Our automated method greatly reduced the planning duration compared to the MPs (9.85 ± 1.13 min vs 57.10 ± 6.35 min). Moreover, it involved no human intervention when the embedded Pinnacle scripts were running. Currently, the dose objectives derived from the NN model on our personal computer had to be manually transferred to the TPS computer, so our knowledge-based automated planning technique was not fully automated in this sense. Nevertheless, the model could be transferred on the TPS to complete the automation workflow in the future. Note that although the training time for each NN model was 27 min, the time to generate a set of objective for one patient took only less than 0.1 s.

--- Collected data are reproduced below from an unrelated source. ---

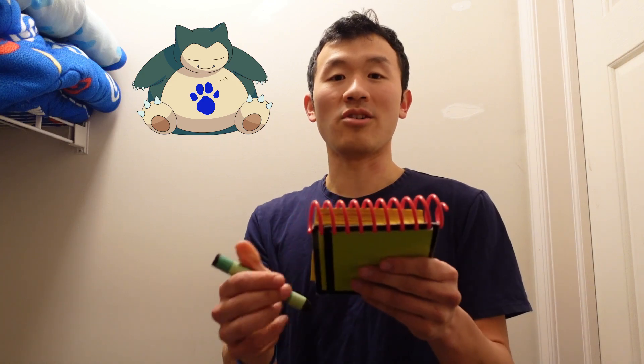You know what we need? Our handy dandy notebook! So, let's draw Snorlax in our notebook.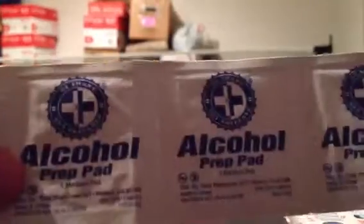Straw Bacitracin. Two butterfly band-aids. Two mini square band-aids. Two antibiotic ointments. Three alcohol prep pads.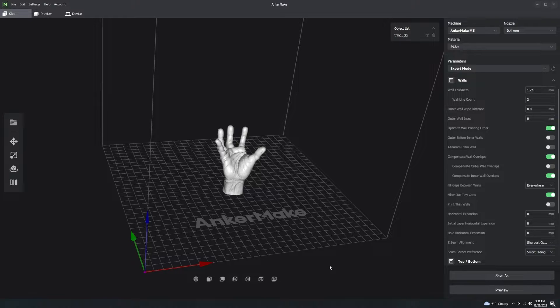If you have a full cylinder or sphere, there's not a single corner anywhere, so the Z seam will be noticeable - that's your worst case scenario. Always keep Z seam on 'sharpest corner' and 'smart hiding.' If you set it to random, the Z seam will appear randomly throughout the model creating what are called zits. If set to 'shortest' it just picks the most efficient route regardless of appearance.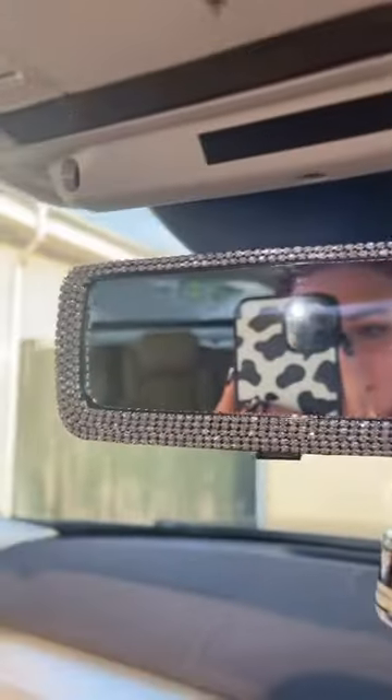Oh my god, I forgot I ordered this — that was the mirror. And then I got this thing, I think that goes there like so. Oh it's so sparkly, I love it!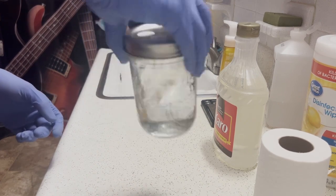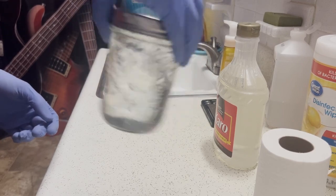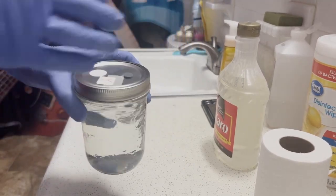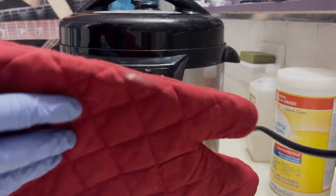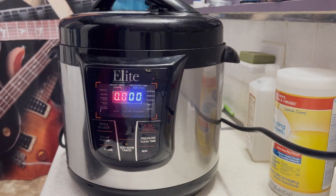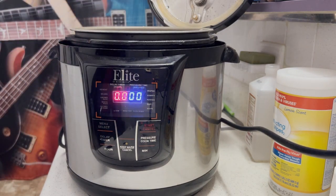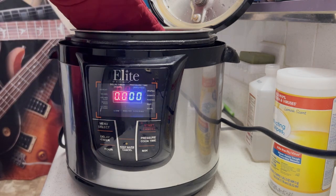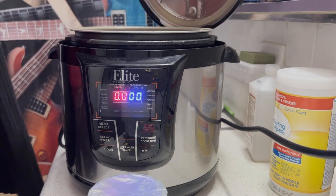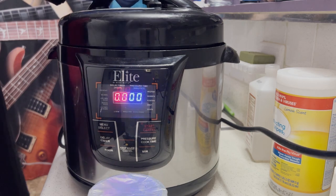The next step is to pressure sterilize this at 15 psi for 90 minutes. I made sure to put tinfoil over the top of the jar to make sure that water doesn't get inside it. Most pressure cookers operate at pretty much the same temperature, so you can set it to 90 minutes and you're good. This is after I've fully pressure sterilized the jar — you can see the tinfoil. The tinfoil protects against steam going in there and filling up the jar more than we want.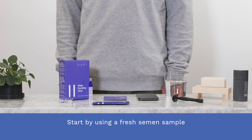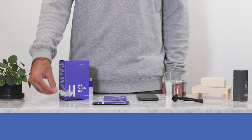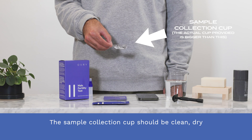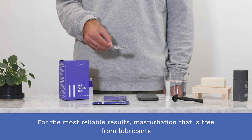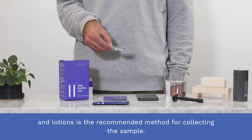Start by using a fresh semen sample collected two to seven days after your last ejaculation. Collect the semen using the sample collection cup. The sample collection cup should be clean, dry, and free from any contaminants and detergents. For the most reliable results, masturbation that is free from lubricants and lotions is the recommended method for collecting the sample.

Wu B and his group [20] applied k-nearest neighbour method and made a prediction on the best DVH of each single OAR based on its OVH, which might compromise the dose distribution when every OAR reached its best DVH. However, our study took all target volumes and OARs into consideration at the same time, and employed a NN model to derive a patient-specific set of dose objectives.

Our study did not include some OARs such as oral cavity, temporal lobes, and thyroid glands because these OARs could easily achieve their dose constraint by setting dose constraint to the additional rings (R5200, R4500, R3600, and R3100). Our study has not fully addressed the dose inhomogeneity with single iteration optimization. But one study suggested that automatic generation of regions and objectives for hot and cold spots would further improve dose uniformity without manual interference [25]. The study also utilised embedded Pinnacle scripts and provided a solution on achieving better CI and HI for us.

Our study proposed a prospective automated IMRT planning technique for locally advanced NPC. Although our current study has limited the settings of machine parameters such as gantry angles and segment sizes, the same technique can be applied to more complicated IMRT delivery techniques. We anticipate that volumetric modulated arc therapy treatment planning can also take advantage of the described technique to achieve individually tailored optimal radiotherapy plans. In addition, as the volume, position and dose of targets and OARs would change during the treatment course for NPC patients [26,27,28], the introduction of adaptive radiation therapy (ART) could potentially improve the treatment outcome [29]. Our knowledge-based automated planning approach would be of great value to generate high quality ART plans for NPC patients in an efficient manner.

Conclusions

A robust and effective knowledge-based IMRT treatment planning technique for locally advanced NPC is developed by use of NN model and HotScripts planning scripts in Pinnacle3 9.2 TPS. This automated technique largely shortened planning time without compromising the plan quality.